When Heide's not cooking, I get a sirloin at Ruby Tuesday or an asiago roast beef at Panera. For a step up, I'll do a restaurant on Chapel Street, but my wife calls that a climb from competence to uninspired.
Heide chops shallots with precision, brightens flavors with sea salt, and uses only fresh vegetables: if the parsley's not green enough, it's gone. She balances flavors, carefully chooses wine pairings, and designs elegant presentations. She coordinates napkins and table cloths, sets the mood with jazz, and always lights candles.

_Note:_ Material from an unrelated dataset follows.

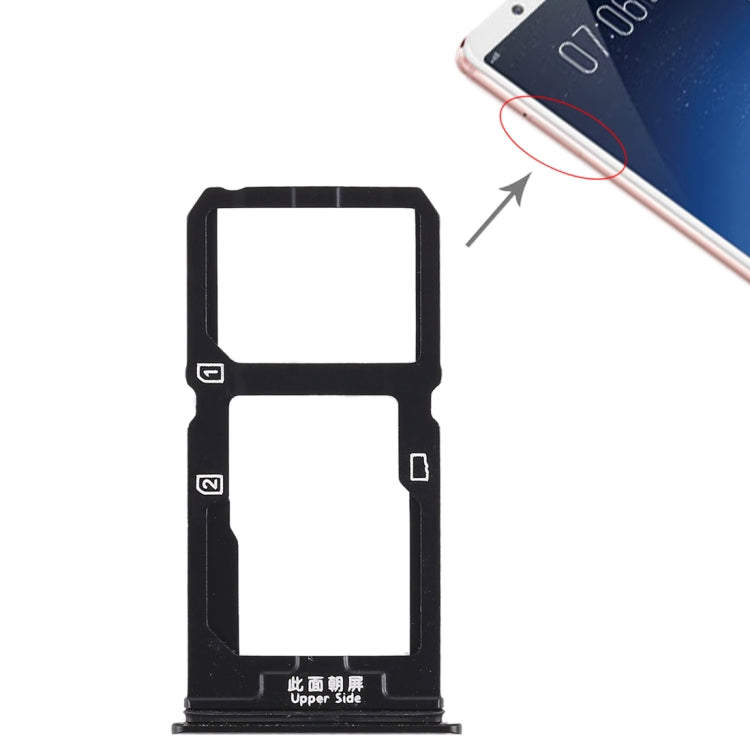 For Vivo X20 SIM Card Tray + SIM Card Tray / Micro SD Card Tray, For Vivo X20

Heide devotes herself to cooking like the best doctors devote themselves to medicine. She scours recipes for ideas, visits restaurants from Tehran to Tennessee, and coaxes other chefs to reveal their secrets. She crosses ethnic boundaries, breaks rules, invents spice combinations, and crafts new flavors. If a dish lacks inspiration, she finds the missing ingredients.
Like cooks, physicians master basic skills; but instead of prepping, mixing, and broiling, we examine, diagnose, and treat. The best physicians aim higher: they read voraciously, they coax patients to reveal their secrets, and they hear murmurs others miss. Competent physicians use words to explain; the best use words to heal.
Sometimes I worry that physicians satisfy themselves with competence when they should aspire to brilliance. Like chefs pursuing culinary bliss, we need to study, practice, and open ourselves to criticism. And if our work lacks inspiration, we need to track down the missing ingredients. Do you know what they are? Will you search with me?